Short-handed sailing a battle of mind and body

Hallucinations are common and one experienced campaigner thinks short-handed offshore sailing helped prepare her for motherhood.

Short-handed sailing is growing in popularity in New Zealand and that will only increase with the inclusion of a mixed two-handed offshore keelboat event on the programme for the 2024 Paris and 2028 Los Angeles Olympic Games.

Not everyone will get to that level but it's added a new layer of interest to an already burgeoning side of the sport. At last count, there were already 73 entries for the first event in the SSANZ Triple Series on July 4.

Doyle Sails brought together four of this country's most experienced offshore sailors – Mike Sanderson, Emma Sanderson, Stu Bannatyne and Bianca Cook – to talk in front of about 70 people at the Royal New Zealand Yacht Squadron about how they would approach a short-handed sailing campaign at whatever level.

One of the main themes throughout the evening was that short-handed sailing requires a blend of good all-round sailing skills from both skippers to succeed, but that careful management of your body is vital to performing at your best at all times.

Sleep deprivation is a constant battle and can lead to hallucinations for many sailors during the course of a race.

Mike Sanderson experienced this when he imagined his best mates onboard alongside him to help with a sail change.

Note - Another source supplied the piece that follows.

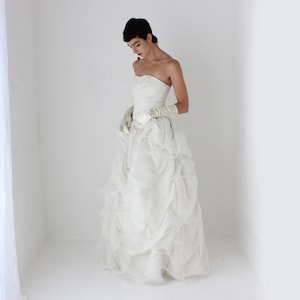1990s Vintage Off White Textural Gathered Organza Strapless Corset Bodice Wedding Gown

He also told the story of a protest when one competitor thought he saw a rival competitor with a full crew onboard. 

Sanderson's wife, Emma, said there was an upside to sleep deprivation because it set her up well for motherhood in later years. In 2002-03, she became the first British woman and youngest person to complete the Around Alone, a 29,000-mile, single-handed round the world yacht race.

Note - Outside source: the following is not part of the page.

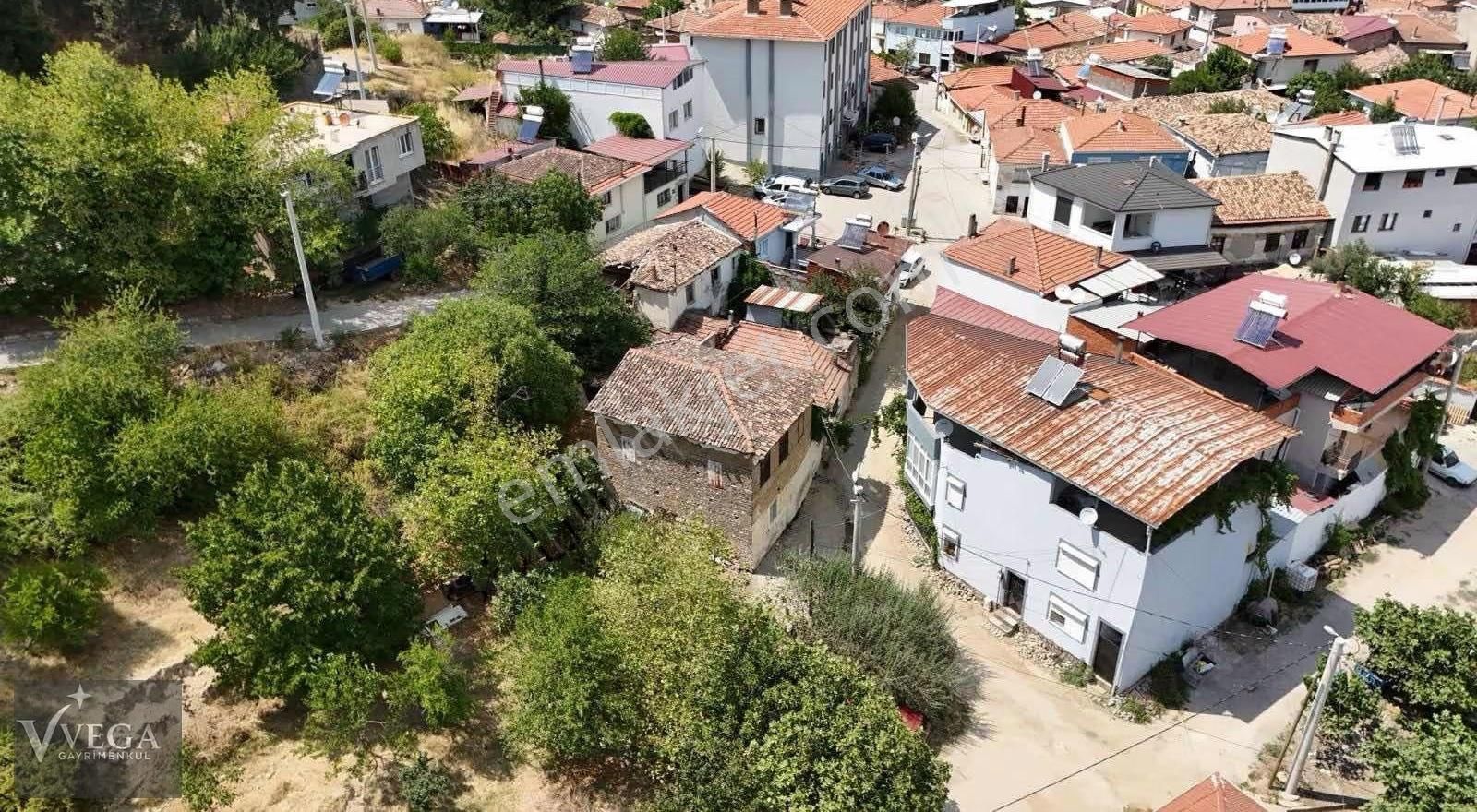 İzmir Kemalpaşa Yukarıkızılca'da Satılık Köy Evi - Görsel 12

Some of the key messages coming from this experienced panel were:

  • Enjoy sailing first and foremost and then set your goals from there.
  • Trust, capability, compatibility and chemistry are key attributes between skippers.
  • Sail at the highest level you can right now. Don’t worry too much about the team combination just yet if the Olympics is your goal.
  • Keep improving by sailing with better teams.
  • Respect any routines and watch systems and keep up an inshore intensity while on watch.
  • Work as a community to build knowledge and experience.
  • Train, debrief and become more professional in your approach.
  • Make sure you enjoy the journey along the way towards your goal and be mentally prepared for some bad luck along the way that may prevent a podium position.

The French are regarded as the world's best short-handed sailors and their Figaro circuit is considered to be offshore sailing's most competitive one-design class.

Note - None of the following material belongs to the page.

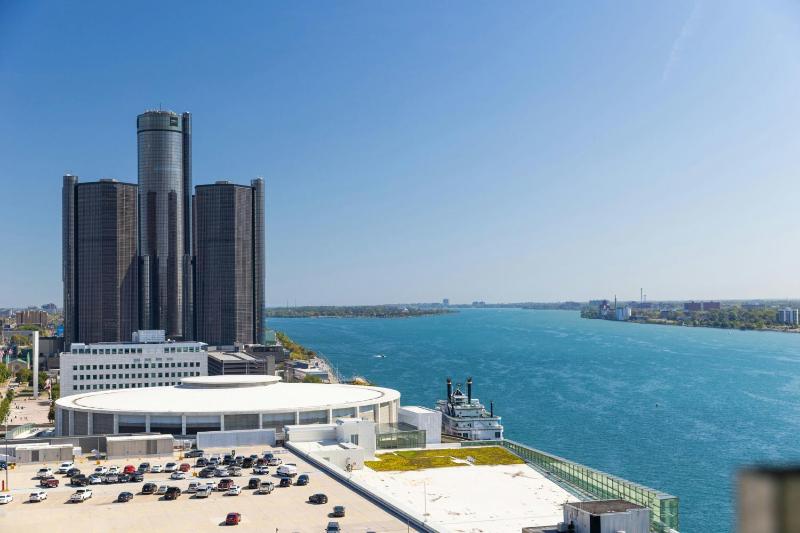 JW Marriott Detroit Water Square - image 19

Recognised as the unofficial world championships of solo offshore racing, the Solitaire du Figaro race is fiercely competitive. As many as 30 skippers are expected on the start line this year in Saint-Brieuc in north-west France to take on 1830 miles of Europe’s roughest waters, including some of world’s best ocean racers as well as ambitious young rookies.

The details of the Olympic event are still to be confirmed, but it will be a mixed gender two-person crew competing on a 30-35ft yet-to-be-decided boat in up to three races of various distances. 

The winner will be decided on the fastest elapsed time cumulative over the three races. This format closely follows the Solitaire du Figaro format that is scored/ranked by totalling the elapsed time of each boat on each leg to see who has the shortest time for all four legs.

Doyle Sails are happy to assist teams with their aspirations towards success in the two-handed keelboat scene, with almost all of the panel unanimous in their desire to compete in a SSANZ Round North Island Race one day, and maybe even take a family member along – hallucinations or not.